Hukuk Genel Kurulu         2018/144 E.  ,  2018/1324 K.

    "İçtihat Metni"

    MAHKEMESİ :İş Mahkemesi

    Taraflar arasındaki “itirazın iptali” davasından dolayı yapılan yargılama sonunda İzmir 1. İş Mahkemesince davanın kabulüne dair verilen 08/10/2012 gün ve 2012/117 E., 2012/700 K. sayılı karar davalı Aslan Avcı Döküm San. ve Tic. A.Ş. vekili tarafından temyiz edilmekle Yargıtay 10. Hukuk Dairesinin 24.03.2014 gün ve 2013/25254 E., 2014/6657 K. sayılı kararı ile;
    (…1-Dosyadaki yazılara, kararın bozmaya uygun olmasına, delillerin takdirinde bir isabetsizlik bulunmamasına göre, davalı vekilinin sair temyiz itirazlarının reddi gerekir.
    2-Mahkemece, bozma ilamına uyulmuş ise de, bozma ilamının gereği tam olarak yerine getirilmemiştir.
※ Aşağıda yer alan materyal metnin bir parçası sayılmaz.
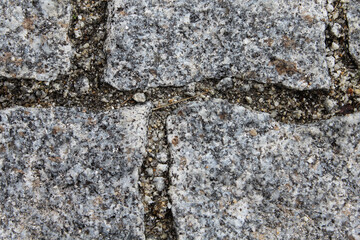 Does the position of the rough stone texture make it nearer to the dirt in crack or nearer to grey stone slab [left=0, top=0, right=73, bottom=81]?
the dirt in crack

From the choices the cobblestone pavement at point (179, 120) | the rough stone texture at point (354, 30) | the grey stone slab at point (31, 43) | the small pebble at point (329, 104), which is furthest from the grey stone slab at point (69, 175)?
the rough stone texture at point (354, 30)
Davanın yasal dayanağı 506 sayılı Yasanın 26. maddesinde; “İş kazası ve meslek hastalığı, işverenin kastı veya işçilerin sağlığını koruma ve işgüvenliği ile ilgili mevzuat hükümlerine aykırı hareketi veyahut suç sayılabilir bir hareketi sonucu olmuşsa, Kurumca sigortalıya veya haksahibi kimselerine yapılan veya ileride yapılması gerekli bulunan her türlü giderlerin tutarları ile gelir bağlanırsa bu gelirlerinin 22 nci maddede belirtilen tarifeye göre hesaplanacak sermaye değerleri toplamı (…)(2) Kurumca işverene ödettirilir. (Ek cümle:29/7/2003-4958/28 md.) İşçi ve işveren sorumluluğunun tespitinde kaçınılmazlık ilkesi dikkate alınır.” hükmüne yer verilmiştir.
    Kaçınılmazlık ise, “sosyal sigortalar uygulamasında, hukuksal ve teknik anlamda, olayın meydana geldiği tarihte geçerli olan bilimsel ve teknik tüm önlemlere rağmen zararın meydana geldiği ve önlenemediği durumları anlatan bir kavram…”(Prof.Dr. A. Can Tuncay, Kurumun işverene Rücuu-Olayda Kaçınılmazlık Durumu, Sicil İş Hukuku Dergisi, Sayı 4, s. 185) olup; bu halin kabulünün koşulu, “…vuku bulan olaya karşı koyulmazlık hali ve her türlü tedbirin alınmasına rağmen gerçekleşmesi önlenemeyen ve objektif bir kaçınılmazlık durumunun söz konusu olmasıdır.
    Mahkemece, hükme esas alınan kusur raporunda, işverenin her türlü tedbiri almış olsa bile, işin ve işyerinin niteliği sebebiyle bu hastalığın ortaya çıkması ihtimali yeterince irdelenmediğinden, anılan rapor hüküm kurmaya elverişli değildir.
    Mahkemece, sigortalının 04.08.1992-13.08.2008 tarihleri arasında uzunca bir süre davalı işveren yanında çalıştığı da gözetilerek, kusur irdelemesinde, meslek hastalığında, işverenin bu konuda her türlü tedbiri almış olsa bile, işin ve işyerinin niteliği sebebiyle bu hastalığın ortaya çıkması ihtimali nazara alınarak, belli orandaki bir kaçınılmazlıktan söz edilmesi gerekeceği göz önünde bulundurulmak suretiyle yapılacak değerlendirme sonucuna göre karar verilmelidir.
    Mahkemece, bu maddi ve hukuki olgular gözetilmeksizin eksik inceleme ve hatalı değerlendirme sonucu yazılı şekilde karar verilmiş olması, usul ve yasaya aykırı olup bozma nedenidir.
    O halde, davalı vekilinin bu yönleri amaçlayan temyiz itirazları kabul edilmeli ve karar bozulmalıdır…)
    gerekçesiyle bozularak dosya yerine geri çevrilmekle yeniden yapılan yargılama sonunda mahkemece önceki kararda direnilmiştir.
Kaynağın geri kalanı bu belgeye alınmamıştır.